The Senate came back last week and didn’t take up legislation to delay the delayed implementation of the Federal Reserve’s rule regulating debit interchange rates. But the NCUA and trade groups weighed in again about the impact on small issuers.
Andrea Heller, a spokeswoman for Sen. Jon Tester (D-Mont.), the lead sponsor of a bill to delay by two years implementation of the Fed’s rule, said Tester is still working with his colleagues to find an appropriate bill to which he can attach his amendment. She said that while there is growing support for the measure, she declined to say how many votes it is likely to get nor did she say whether there were the 60 votes lined up that would be needed to stop a likely filibuster by opponents.
A similar bill has been introduced in the House, but it is likely to wait for Senate action before taking up the measure, said Rep.

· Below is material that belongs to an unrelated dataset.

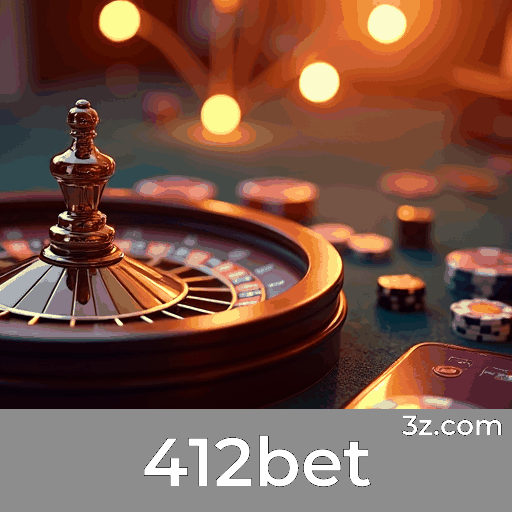 412bet Crash: Experiência Comunitária e Valor de Estratégia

Shelley Moore Capito (R-W.Va.) the measure’s key sponsor.
The Federal Reserve still hasn’t issued a final rule, though it is supposed to take effect on July 23. The NCUA and CUNA sent letters to the Fed last week, urging Fed Chairman Ben Bernanke to do more to protect small issuers.
Citing data compiled by her agency, NCUA Chairman Debbie Matz wrote that for federally insured credit unions with assets of $100 million or less that issue debit cards, the interchange costs exceed the maximum allowed under the Fed’s proposed rule.
She noted that because of this, the Fed should modify its proposed rule to "take into consideration the unique circumstances of smaller credit unions."
Matz wrote Bernanke that that the median cost per transaction was 31 cents per transaction for credit unions with assets of $10 million or less and 19 cents per transaction for credit unions with assets between $50 million and $100 million. And direct costs don’t fall below the proposed cap until credit unions reach the $100 million to $500 million asset range. According to NCUA data, the median cost for those credit unions is 8 cents per transaction.
She also submitted a chart that showed that as of the Call Report data through the end of March, 181 federally insured credit unions had a net positive interchange income and 111 had a net negative interchange income.
NAFCU took issue with the agency’s contention that the proposed rule wouldn’t hurt credit unions with more than $500 million in assets.
NAFCU President/CEO Fred Becker wrote Matz that the agency "did not take into consideration fraud costs, labor costs, facilities, equipment and other overhead costs. In fact, during the survey process, one of our members informed us that they did not believe NCUA was asking the right questions to correctly determine the cost of interchange."
He reiterated the association’s opposition to separating credit unions by size and contended that the "proposed price caps are bad public policy for all credit unions."
According to the proposed rule, the allowable costs for interchange would be limited to no more than the issuer's allowable costs divided by the number of electronic debit transactions on which the issuer received or charged an interchange transaction fee in the calendar year. Or the issuer could receive debit interchange capped at 12 cents per transaction.
In his letter to Bernanke, CUNA President/CEO Bill Cheney noted that while Congress required the Fed to prescribe rules regarding these provisions, there is no specific deadline for them to take effect. By contrast, Cheney noted, the law requires the provisions regarding rate standards to take effect by July 21.
"Delaying the effective date of these provisions would not undermine merchants’ ability to pay lower fees to large issues. Such a delay would, however, allow time for the exemption to work for small issuers, as Congress intended, without any group of issuers," Cheney wrote.
Becker and Cheney both wrote lawmakers urging them to support a delay of the Fed’s rule, emphasizing the negative impact on small issuers.
However, a coalition of retailers disputed that argument in a letter to Congress. The Merchants Payments Coalition noted that its members have "no contractual or practical ability to treat debit cards issued by small financial institutions differently than those issued by large institutions."